HD is an inherited disorder caused by a mutation in the gene for
a protein called huntingtin. Although its normal function has not
yet been discovered, huntingtin is essential for growth and development.
The HD-associated mutation involves excessive repetition of a specific
gene segment, causing an abnormal version of the protein to accumulate
in the brain and destroy brain cells in an area called the striatum.
Symptoms of HD, which usually begin to appear in the middle years,
include uncontrolled movement, erratic emotions and problems with
thinking and memory. Symptoms worsen over the 10- to 30-year course
of the disorder, until patients die from a variety of complications.
Although HD appears to affect only the central nervous system, mutant
huntingtin and proteins it interacts with are found throughout the
body, including blood cells. This suggests that the mutation may
have effects that, while not producing symptoms, could show up on
a blood test. Such a test could provide a more accessible way to
monitor the underlying disease process in the brain. The MGH team
analyzed blood samples from patients with HD, including asymptomatic
carriers of the HD mutation, and compared their gene expression
patterns to those of control participants.

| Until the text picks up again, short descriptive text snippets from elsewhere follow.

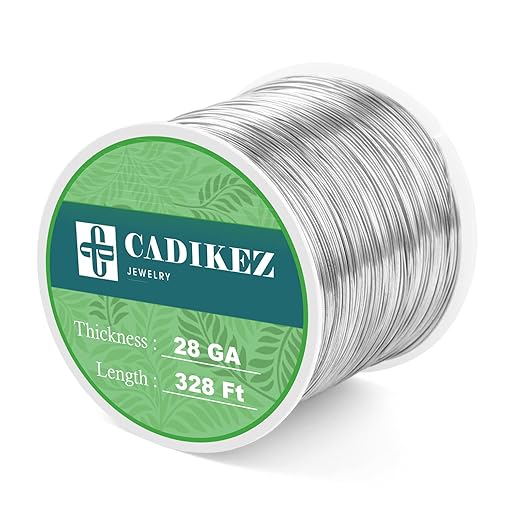 Beadcraft 26 Gauge Jewelry Wire by Cadikez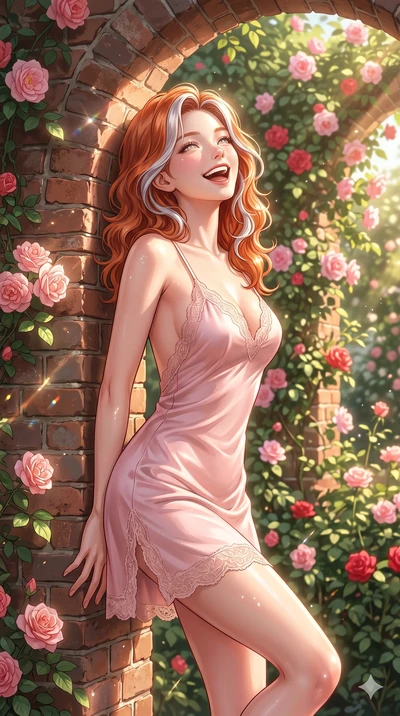 score_9, masterpiece, best quality, ultra-detailed, high-budget anime keyframe, editorial fashion photography, tasteful artistic composition, Caucasian woman, strictly human ears. cowboy shot from the thighs up, character and outfit filling the frame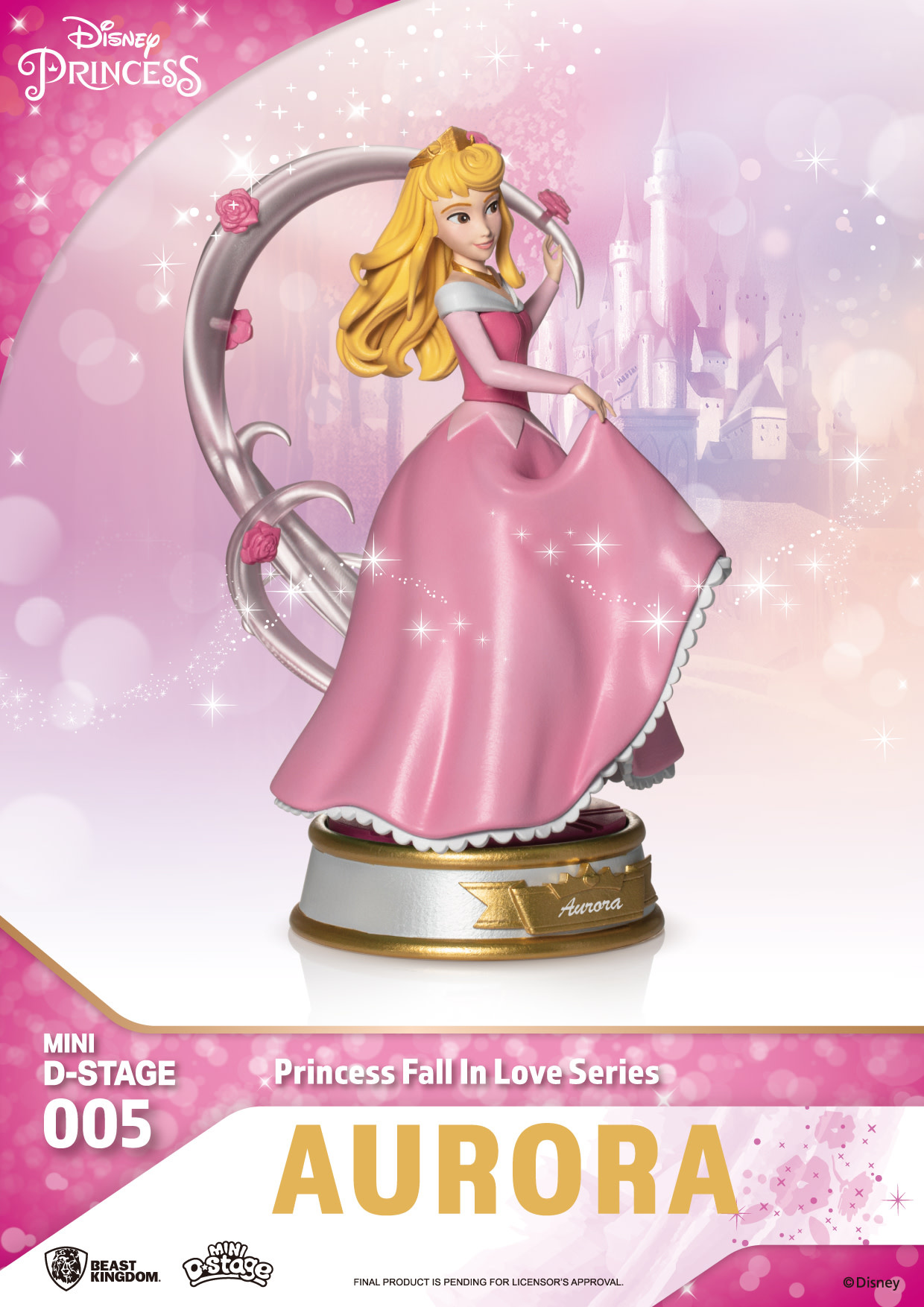 Disney: Mini Diorama Stage Statues Princess Fall In Love Series (6)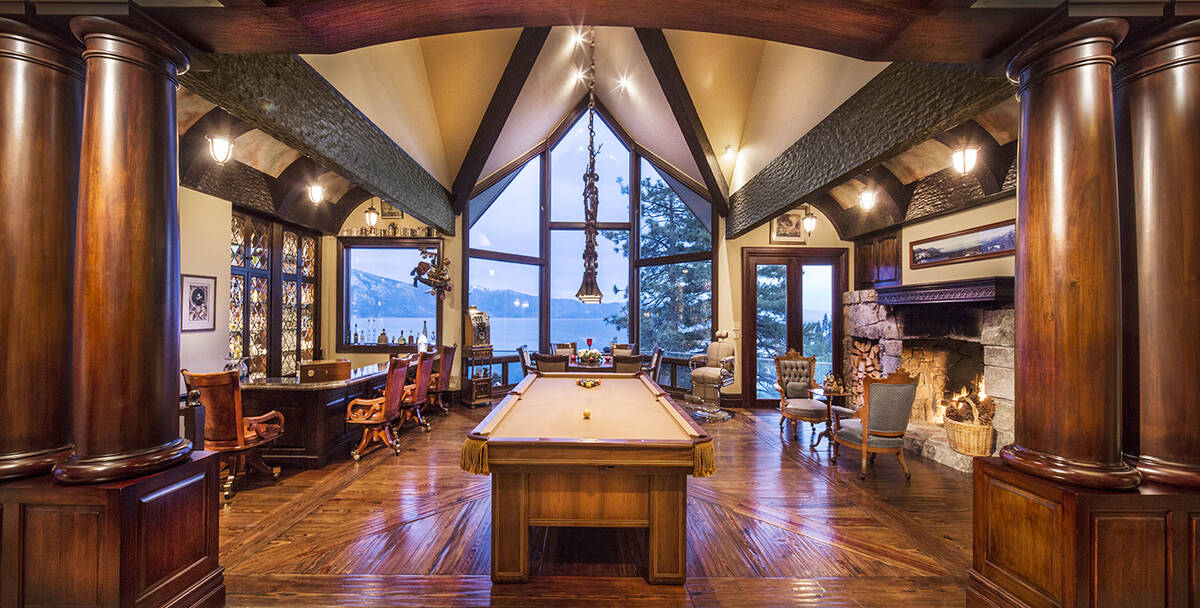 The game room. (Chase International Realty)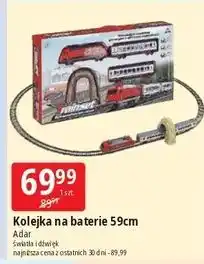 E.Leclerc Kolejka na baterie Adar oferta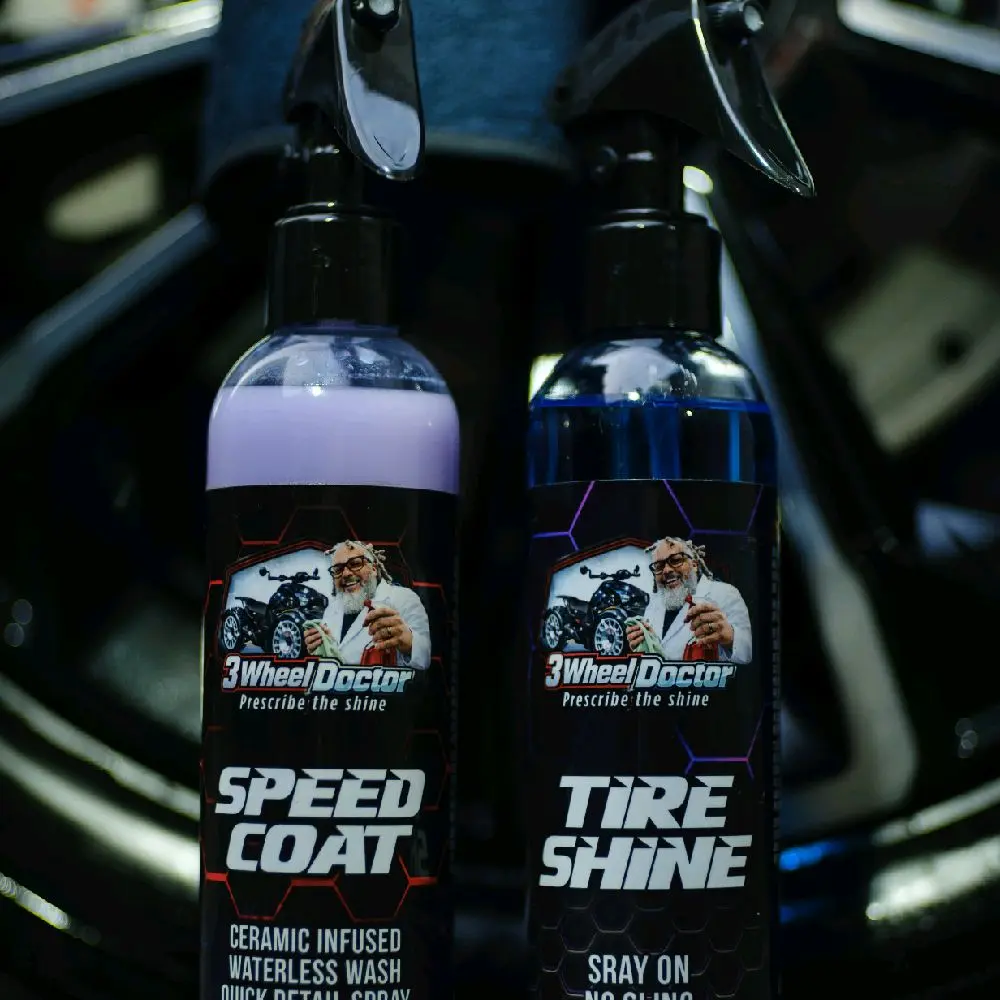 3 wheel clean and shine kit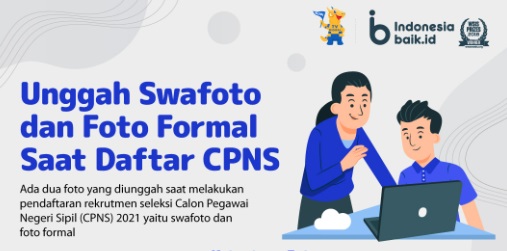 Aturan Yang Benar Untuk Pasfoto dan Swafoto Syarat Wajib CPNS 2023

The researchers found hundreds of genes for which expression levels
were significantly altered in HD patients or carriers, compared
with controls, and then identified a set of 12 genes for which the
differences were most significant. In addition, expression levels
in younger presymptomatic carriers of the HD mutation were closer
to those of the controls and rose to disease-associated levels in
carriers approaching the age at which symptoms usually appear. The
investigators then analyzed blood samples from participants in a
Phase 1 trial of a potential HD treatment and found that four weeks
of treatment produced a significant reduction in expression of the
12-gene set in most participants.
"We need to analyze these findings in a larger phase III clinical
study where changes in gene expression can be correlated with possible
delay in disease onset or progression. Moreover, further research
may identify other combinations of marker genes that reflect various
stages of HD and predict clinical effects of new experimental treatments,"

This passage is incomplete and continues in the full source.